Now, using carbon-14 data, scientists from the United States and Germany have been able to determine the approximate age of dissolved organic carbon in the Arctic for the first time. They report, in an article to be published this month in Geophysical Research Letters, that most of the carbon that reaches the ocean is relatively young at present, but that this could change. Warming of the Arctic, which has been documented in recent years, could affect northern peats, collectively one of the largest reservoirs of organic carbon on Earth. As the carbon-rich soils warm, the carbon is more susceptible to being transported to the ocean by rivers small and large, they say.
The researchers, headed by Ronald Benner of the University of South Carolina, studied four rivers in northern Russia and in Alaska, along with the Arctic Ocean itself. The carbon-14 dating method is not precise, because, for example, old and new dissolved organic carbon is typically mixed in a given sample, resulting in an average reading, and content of rivers varies by season as well. The scientists concentrated their study in periods of peak river discharge.
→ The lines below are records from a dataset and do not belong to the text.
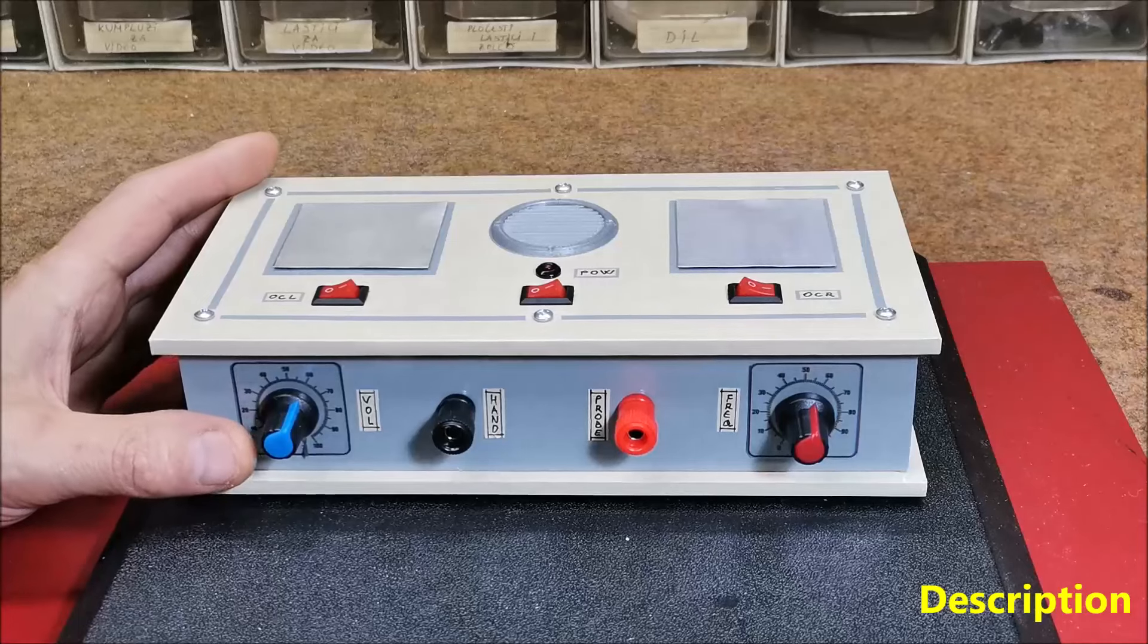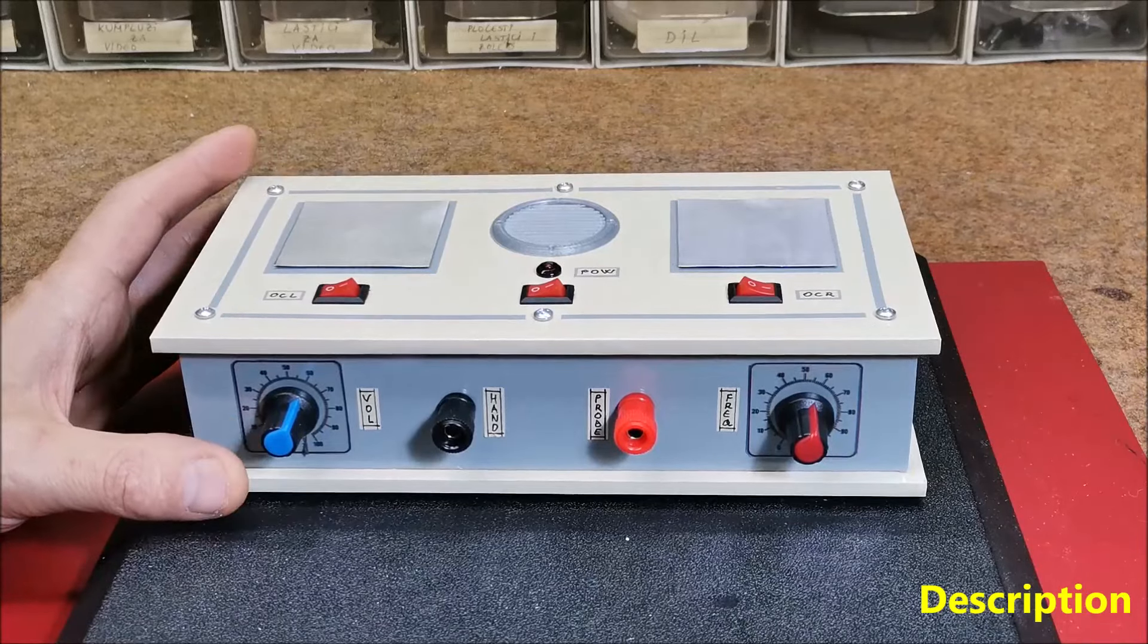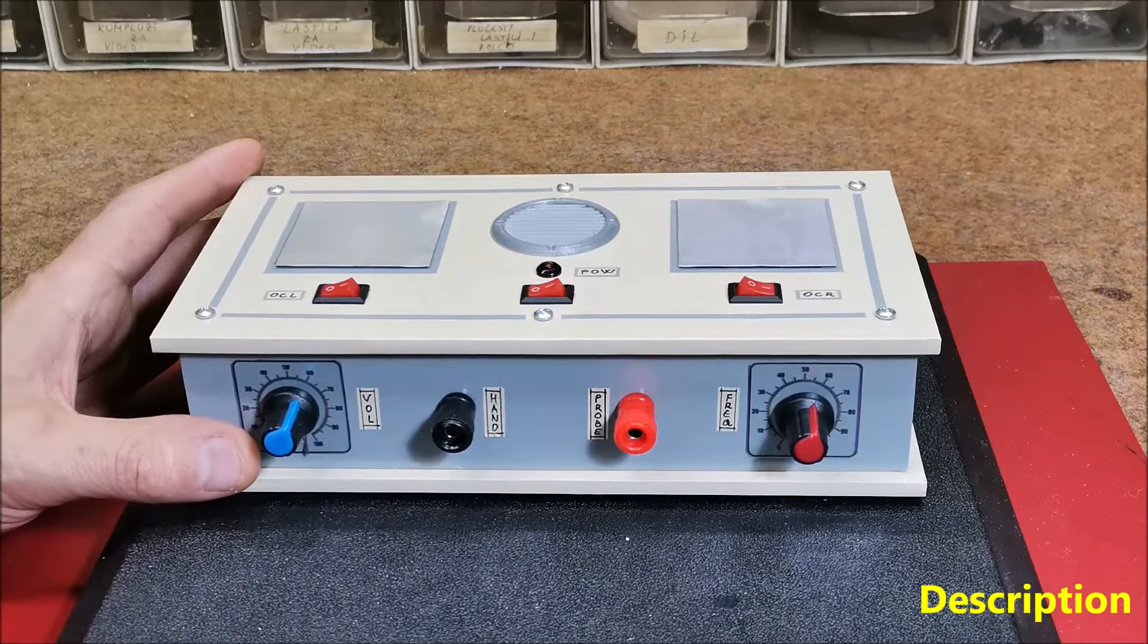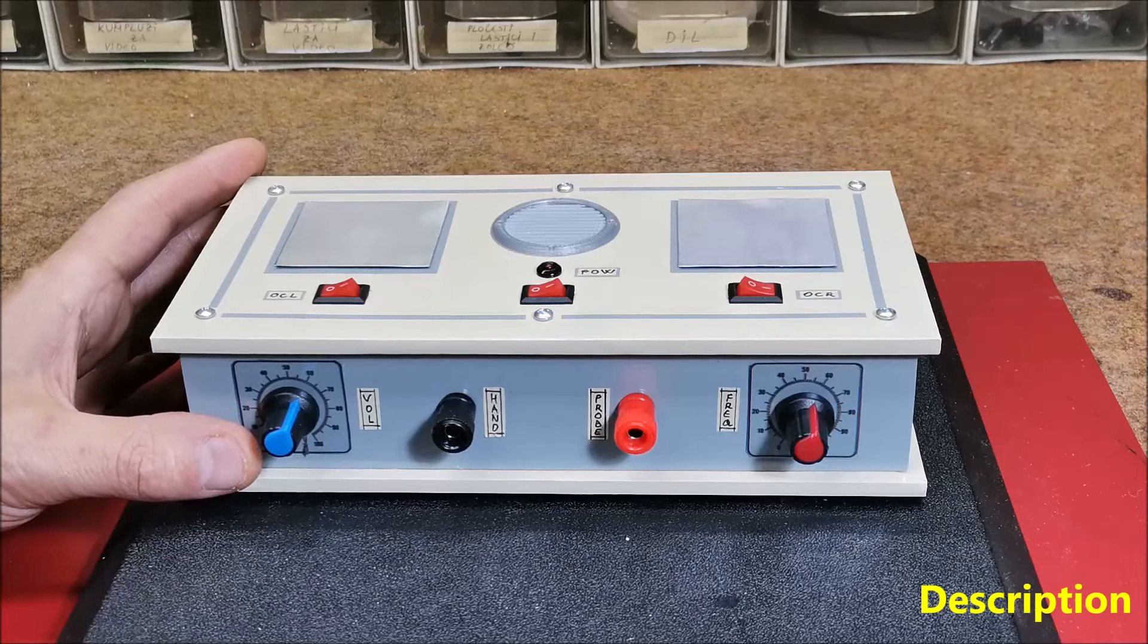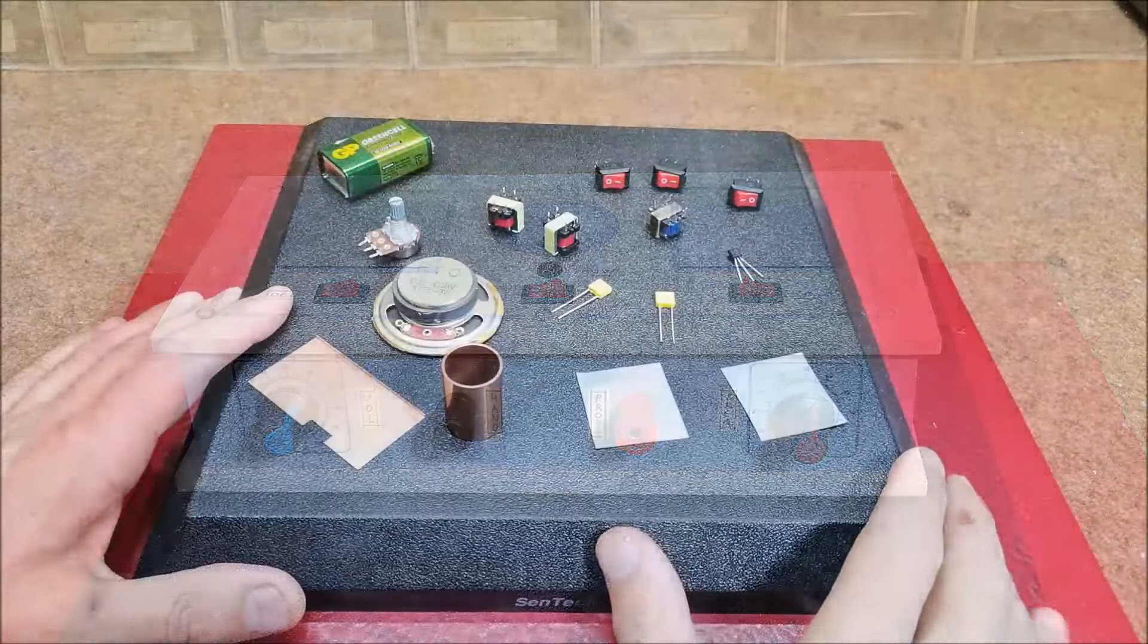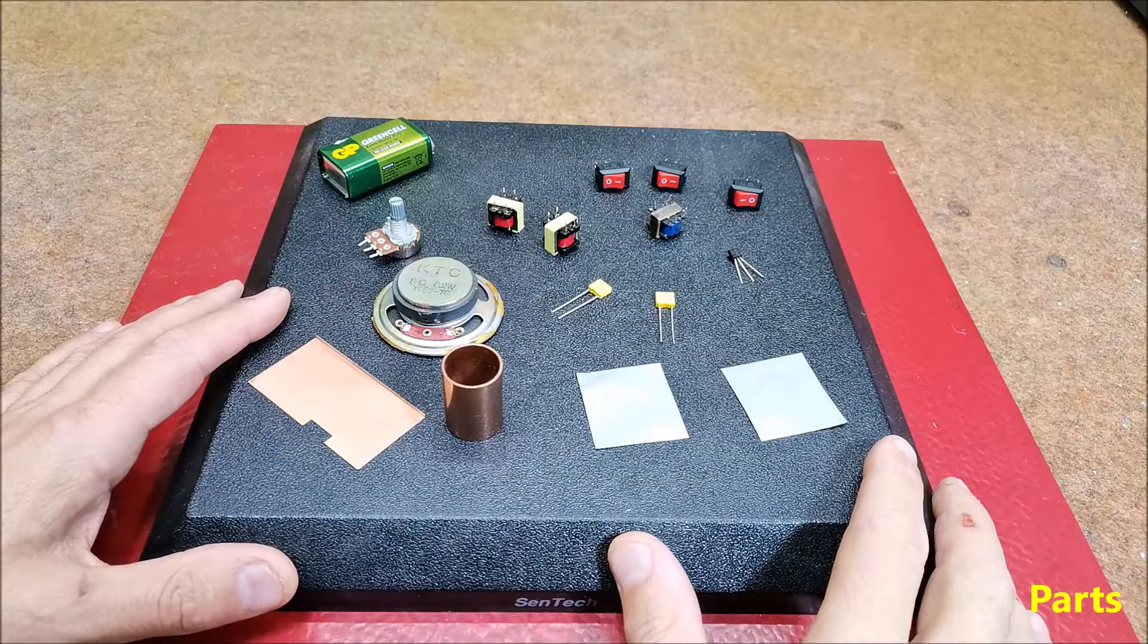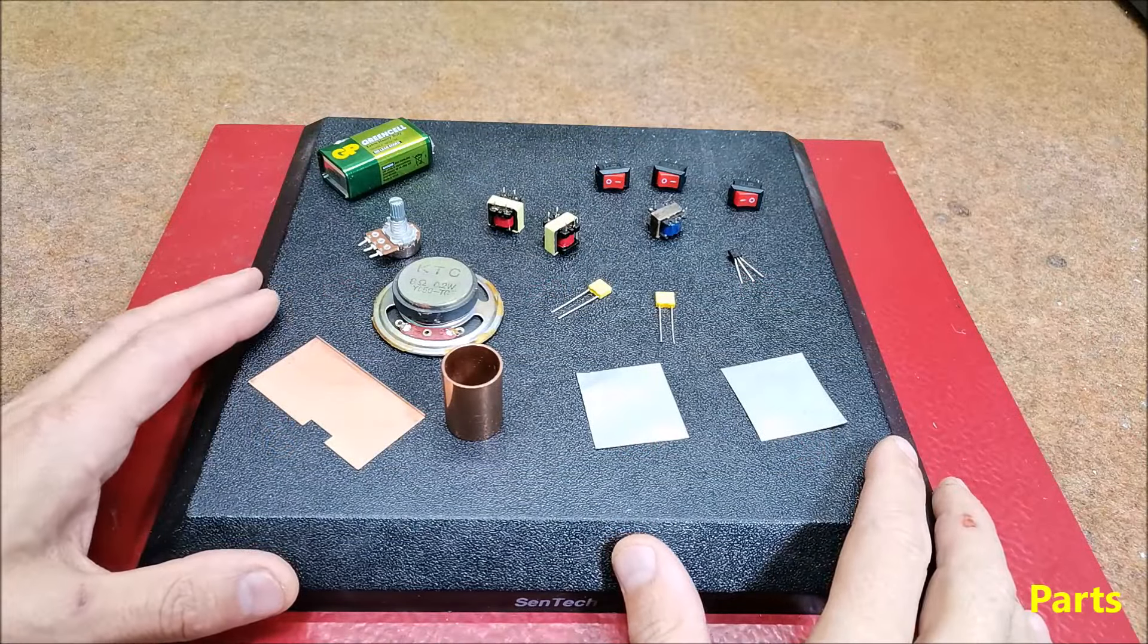I want to remind you that I will not at all explain the way of diagnosis using this method, but only the technical part, that is the way of its production. The basic version of this device was made at the end of the last century.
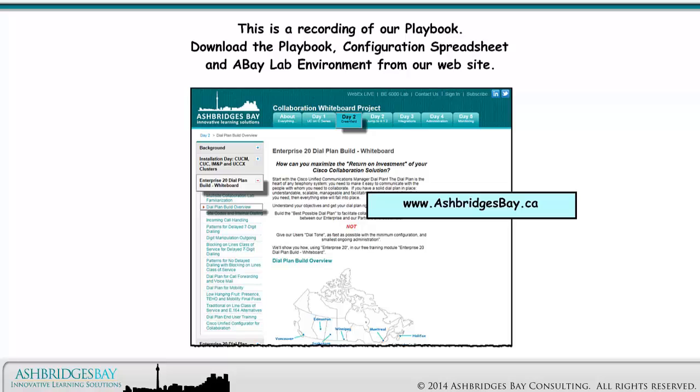This is a recording of our Playbook. Download the Playbook, Configuration Spreadsheet, and AB Lab Environment from our website.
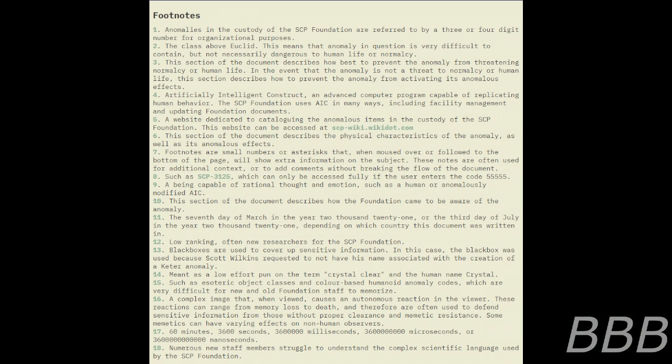Note: black boxes are used to cover up sensitive information. In this case, the black box was used because Scott Wilkins requested to not have his name associated with the creation of a Keter anomaly. The verb Crystal AIC — note: meant as a low-effort pun on the term 'Crystal Clear' and the human name Crystal — for the purposes of teaching new staff members the meanings of complicated terms.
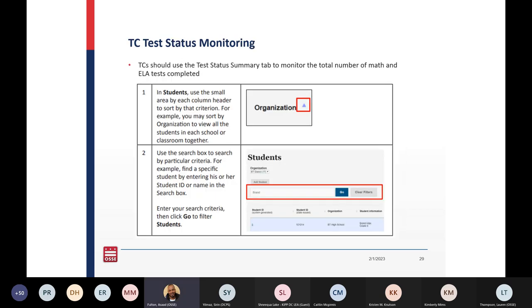For test coordinator status monitoring, TCs should use the Test Status Summary tab to monitor the total number of math and ELA tests that are completed.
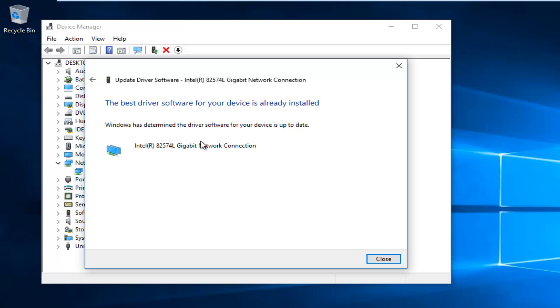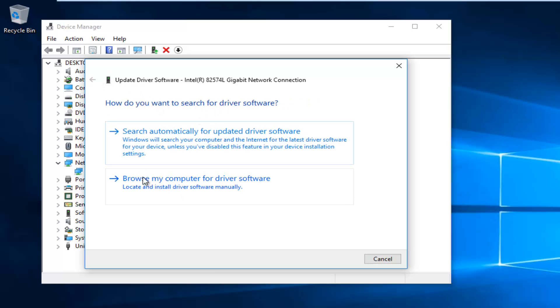If it says the best driver software for your device is already installed, I'd recommend going on the internet and trying to manually download the driver. At that point you would want to browse my computer for driver software. As I've said in previous tutorials, I've already made a complete tutorial about how to manually download drivers, specifically graphic drivers, but the same would apply for network drivers as well.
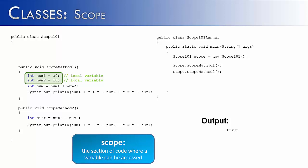So these two variables can only be accessed inside of the ScopeMethod1. Because scope is determined by the braces around it. So once a variable is created, all you have to do is look to the braces around it to determine where it will be viable.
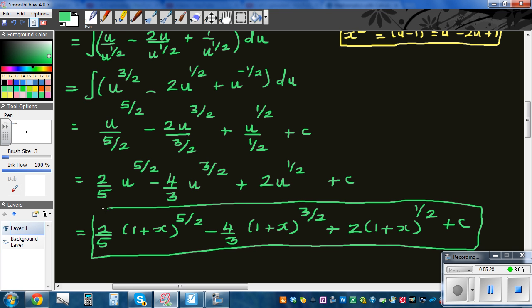You can simplify further — for example, raised to five halves is the same as square root of (1+x) to the fifth — but this form is good enough to earn full marks at NCA level 3 calculus exam.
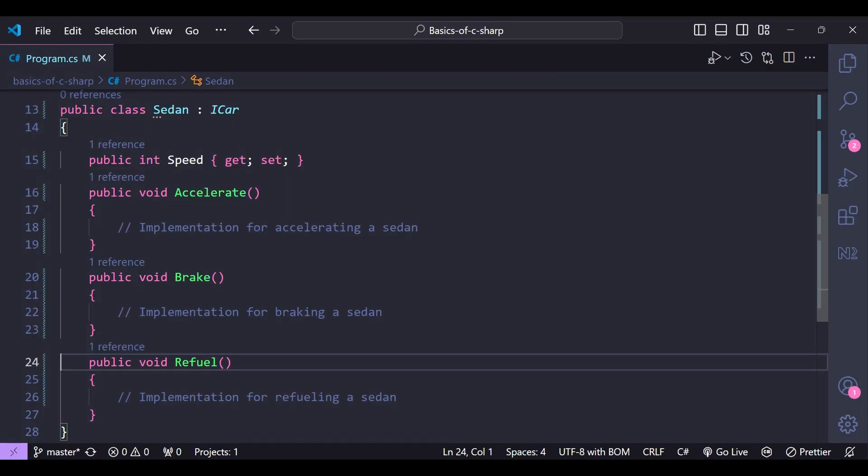Here we are creating a class Sedan which is implementing the iCar interface. In this class, we are defining the accelerate, brake, and refuel features according to sedan cars. Similarly, we can create other classes like SUV, sports car, etc., and implement the iCar interface there.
"Our results are not applicable to the sedimentary fraction of river discharge," Benner notes. "However, most of the organic carbon exported from land to the ocean is in dissolved form, and it is the dissolved components that track river water in the ocean."
River water tends to remain near the surface of the Arctic Ocean for five to 15 years, and the land-derived dissolved organic carbon from all sources and years is therefore mixed. Various samples gave radiocarbon average ages varying from 680 to 3,770 years, including both carbon from land-derived and marine sources. The researchers analyzed dissolved lignin phenols to determine the portion of a particular sample that had originated on land, as the compound is related only to terrestrial plant material.
The East Greenland Current is the major source of both Arctic Ocean water and its dissolved organic carbon component reaching the North Atlantic Ocean. The study concludes that the land-derived dissolved organic carbon reaching the Atlantic via this current is much younger than the marine component. In fact, up to half of it reaches the Atlantic, some three to 12 teragrams [three million to 13 million tons]. The fate of the young land-derived dissolved organic carbon in the Atlantic Ocean is uncertain, but there is no evidence of this material at lower latitudes in the Atlantic, the researchers say.
"This suggests most of the land-derived organic carbon ends up being oxidized to carbon dioxide and thus eventually cycles back into the atmosphere," says Benner. "If current warming trends in the Arctic continue, we can expect to see more of the old carbon now sequestered in northern soils enter the carbon cycle as carbon dioxide. This will act as a positive feedback, tending to enhance the greenhouse effect and accelerate global warming."
The research was funded by the U.S. National Science Foundation and the German Federal Ministry of Education and Research.